Should you have any questions regarding criminal defense, please do not hesitate to contact Attorney Joseph C. Maya in the firm’s Westport office in Fairfield County at 203-221-3100 or at JMaya@Mayalaw.com.

Knife-Wielding Defendant Properly Convicted of Attempted Assault, Appellate Court Finds

In a criminal law matter, the Appellate Court of Connecticut found that the State provided sufficient evidence to convict the defendant of attempt to commit assault in the first degree.

The Case

This case arose from an incident that occurred on October 21, 2006. The defendant and his wife were arguing over his alcoholism when he threatened to kill her. The defendant went to the butcher’s block for a knife, and as the wife fled their home, she saw him opening a kitchen drawer containing loose knives. At a neighbor’s house, the wife called her daughter and asked to be picked up. After the daughter arrived with her boyfriend, the wife realized she forgot her medication at the house, so the group returned to retrieve it.

After entering the home, they saw the defendant standing at the top of the stairs wielding a knife saying “I’m going… to kill her.” As the wife ran for the door, “she saw the defendant start down the stairs toward her, knife raised, before she again ran from the home.” The daughter’s boyfriend saw the defendant swing the knife. Outside, the group called police as the defendant entered the garage. He was placed under arrest, but police could not find a knife on him or inside the garage. However, they located a three-inch knife on the kitchen table.

The Defendant’s Charges

The defendant was charged with attempt to commit assault in the first degree, among other crimes, in violation of Connecticut General Statutes §§ 53a-49(a)(2) and 53a-59(a)(1). At trial, the daughter’s boyfriend testified that the knife he saw the defendant holding was approximately 2.5 to 3 inches in length. The three witnesses, however, provided inconsistent testimony regarding the distance the defendant moved down the stairs. Regardless, the defendant was convicted and sentenced to eighteen years of incarceration.

On appeal, the defendant argued in part that the State provided insufficient evidence to convict him of attempted assault. He claimed that the State did not show he came within close proximity of the wife, or that the knife submitted into evidence was the one he alleged wielded. Finally, he argued that because the testimonial inconsistencies were not resolved, the State failed to meet their burden.

Conviction of Attempted Assault in the First Degree

In Connecticut, to be convicted of attempt to commit assault in the first degree, the State must provide “proof of intentional conduct constituting a substantial step toward intentionally causing the victim serious physical injury by means of a dangerous instrument.” To qualify as a substantial step, the act taken by the assailant “must be strongly corroborative of the actor’s criminal purpose.” In other words, the action had to be the start of “a line of conduct which will lead naturally to the commission of the crime.”

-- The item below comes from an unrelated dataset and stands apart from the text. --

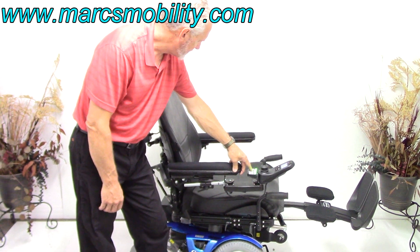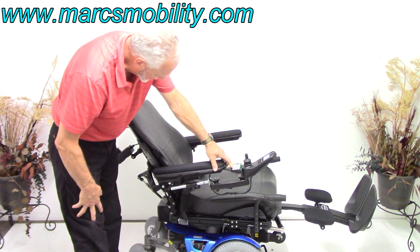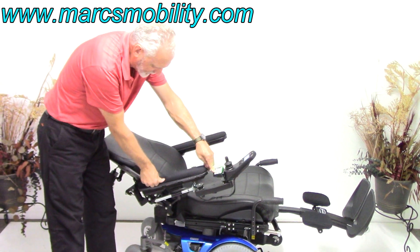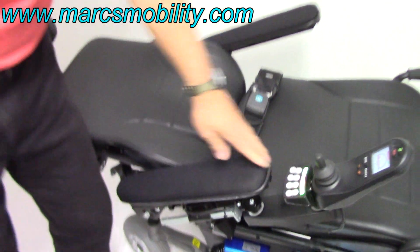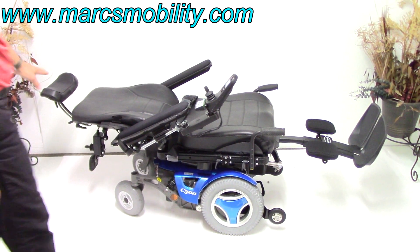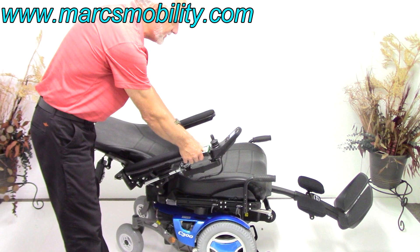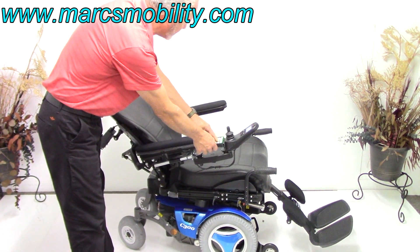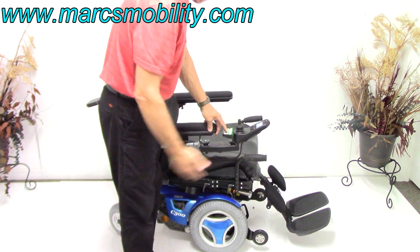Now we've got the seat all the way down. The third button in the sequence is the electric recline — this is just the back going back. So now we've got the electric recline going back. These are gel arms — you can see this is gel, all filled with gel. Very nice, 16-inch gel arms. This would be the fully reclined position, legs up in the air, laying flat — your total flat position. You can do any function, any degree, any position you want. If you're outside, always make sure you leave your legs at least somewhat extended for more room.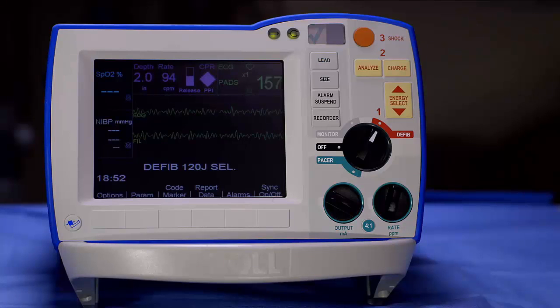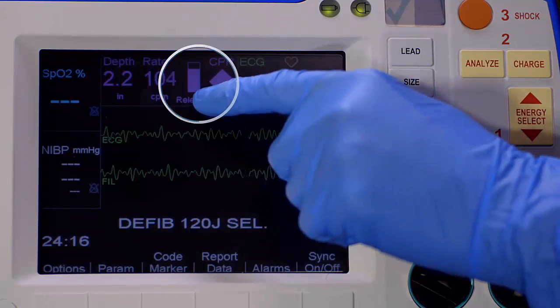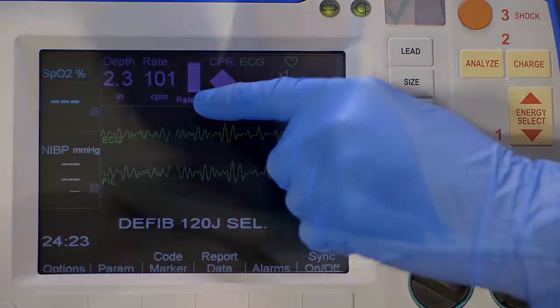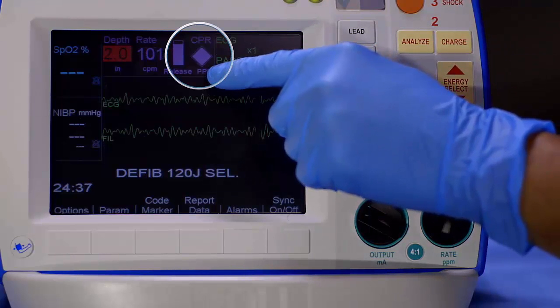This real-time feedback can help ensure you are doing high-quality chest compressions. The release bar measures release velocity to determine that rescuers are allowing sufficient time for cardiac filling. The bar should be completely full of color. If the color begins to decrease, make certain the rescuer is coming completely off the chest for full recoil.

In this case, the Appellate Court was not persuaded by any aspect of the defendant’s insufficiency of the evidence claim. It stated that there is no requirement under Connecticut law that “an assailant must obtain a particular physical proximity to an intended victim to have taken a substantial step toward committing an assault.” Indeed, various types of conduct enumerated in the attempt statute, such as lying in wait and following a contemplated victim, have no physical proximity requirement.

The Court’s Decision

The Appellate Court disagreed that the State failed to authenticate the knife found at the scene as the one used in the crime. It noted the boyfriend’s testimony as consistent with the knife actually found, and noted that the defense “offered no argument in law or logic that a three inch knife cannot be a deadly weapon.” Finally, it is the responsibility of a jury to weigh the credibility of witness testimony, and could either accept all of it, some of it, or none of it.

However, in this case, “nothing in the testimony of the witnesses contradicted the basic facts… that the defendant was holding a knife and advancing toward [his wife] after having threatened her life.” Therefore, it was reasonable for a jury to conclude that the defendant attempted to commit assault using a dangerous instrument.

Written by Lindsay E. Raber, Esq.

When faced with a charge of assault, battery, or attempt, an individual is best served by consulting with an experienced criminal law practitioner. Should you have any questions regarding criminal defense, please do not hesitate to contact Attorney Joseph C. Maya in the firm’s Westport office in Fairfield County at 203-221-3100 or at JMaya@Mayalaw.com.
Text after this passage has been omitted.